SPOKANE, Wash. — Native populations in the U.S. experience more risk factors for Alzheimer’s disease and related dementias than the general population, but are largely underrepresented in research on these conditions. Studies are also needed to further identify unique protective factors in Native communities, such as cultural and social engagement, that may significantly decrease the likelihood of these conditions. To ensure Alzheimer’s and related dementias research, including assessment of risk and protective factors, is representative of the national Native population, a group of WSU Health Sciences researchers is set to further examine these areas.

Through a newly awarded $9.6 million grant from the National Institute on Aging of the National Institutes of Health, the researchers will fund five community organizations to help study the prevalence of Alzheimer’s disease and related dementias, and their risk and protective factors, in American Indian and Alaska Native people living in urban areas. The work is being conducted out of WSU Health Sciences’ Partnerships for Native Health research program, part of its Institute for Research and Education to Advance Community Health (IREACH).

Existing research predominantly focuses on Natives living in rural or reservation settings, even though up to 80 percent of the Native population ages 65 and over live in metropolitan areas. “Urban Natives represent an ‘invisible tribe’ that is largely absent from health research,” said Dedra Buchwald, M.D., co-investigator and WSU Elson S. Floyd College of Medicine professor. “Urban environments also feature distinctive risk and protective factors. We as researchers have a responsibility to better estimate the probability of Alzheimer’s and dementias in these individuals and the impact of their environments.”

Over the next five years, the study—known as, URBAn Native Elders: Risk and Protective Factors for Alzheimer’s and Related Dementias (URBANE)—will examine an array of risk factors for Alzheimer’s disease and related dementias, including cardiovascular contributors, and how they impact disease rates among Native elders living in larger cities.

A previous WSU study found that 33 percent of Native people living on reservations showed indications of vascular brain injury, or “silent strokes”. Other risk factors found more often in Native communities included hypertension, type 2 diabetes, traumatic brain injury and family history of stroke.
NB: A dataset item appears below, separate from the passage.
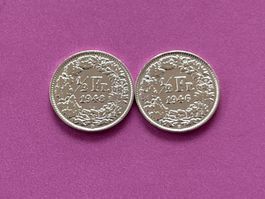 1/2 Fr. 1x1946 und 1x1948 vorzüglich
“By broadening the geographic scope of this research and identifying inequities in risk factors, we can fill the knowledge gaps related to Alzheimer’s and related dementias in Native communities,” said Lonnie Nelson, PhD, principal investigator, WSU College of Nursing assistant professor, and Eastern Band of Cherokee Indians descendent. “Not only does this help reduce health disparities, we can promote prevention and treatment and improve the health of American Indians and Alaska Natives living in urban areas.”

To secure a large and geographically diverse group of urban Native participants, researchers will recruit 1,200 men and women, ages 55 and older, from several different cities with large Native populations. Recruitment will be done with the help of partners, including MedStar Health Research Institute in Phoenix, Arizona; Southcentral Foundation in Anchorage, Alaska; University of Oklahoma Health Sciences Center in Oklahoma City, Oklahoma; and University of Washington in Seattle, Washington.
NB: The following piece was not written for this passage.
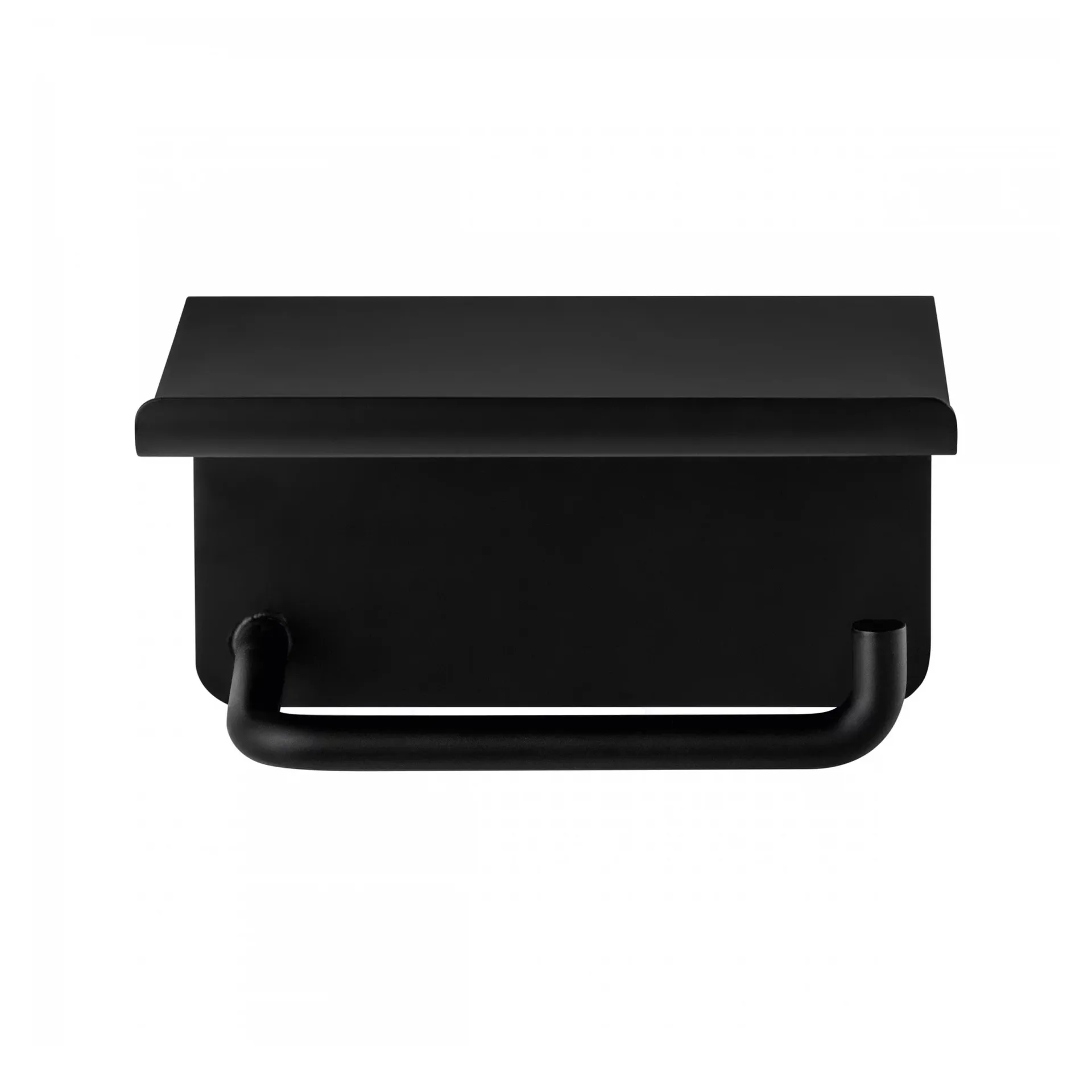 Modo toilet paper holder with shelf, Black blomus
The research team, led by Nelson, Buchwald and Clemma Muller, PhD, co-investigator and College of Medicine assistant research professor, will collect a variety of health-related data from all participants, including brain MRIs. This will establish a starting point for tracking cognitive health, rates of vascular brain injury and the extent to which Alzheimer’s disease and related dementias are occurring as the Native elder population continues to age.

Researchers will also look for connections to factors known to significantly increase the likelihood of experiencing Alzheimer’s and related dementias (i.e. risk factors) and those that are known to significantly decrease the likelihood (i.e. protective factors). These may include clinical, genetic, neuroimaging, behavioral, and lifestyle risk and protective factors. In estimating risk factors, researchers can consider whether interventions—such as better management of diabetes or hypertension—or certain protective factors—such as education and access to health care—can decrease disease rates.

Outcomes from the study will lay the foundation for future research on Alzheimer’s disease and related dementias among the same participants. “Greater research is needed to better inform tribes, health programs, and policy makers about the current state of Alzheimer’s disease and dementia among these individuals and about the barriers preventing many Native people from receiving proper care and diagnosis,” said Naomi Bender, PhD, director for WSU Native American Health Sciences and an indigenous Quechua woman. “Research must reflect the rich diversity of the U.S. to help ensure that each community is included in studies that lead to improved health for future generations.”

Research reported in this publication was supported by the National Institute on Aging of the National Institutes of Health under Award Number R01AG064493. The content is solely the responsibility of the authors and does not necessarily represent the official views of the National Institutes of Health.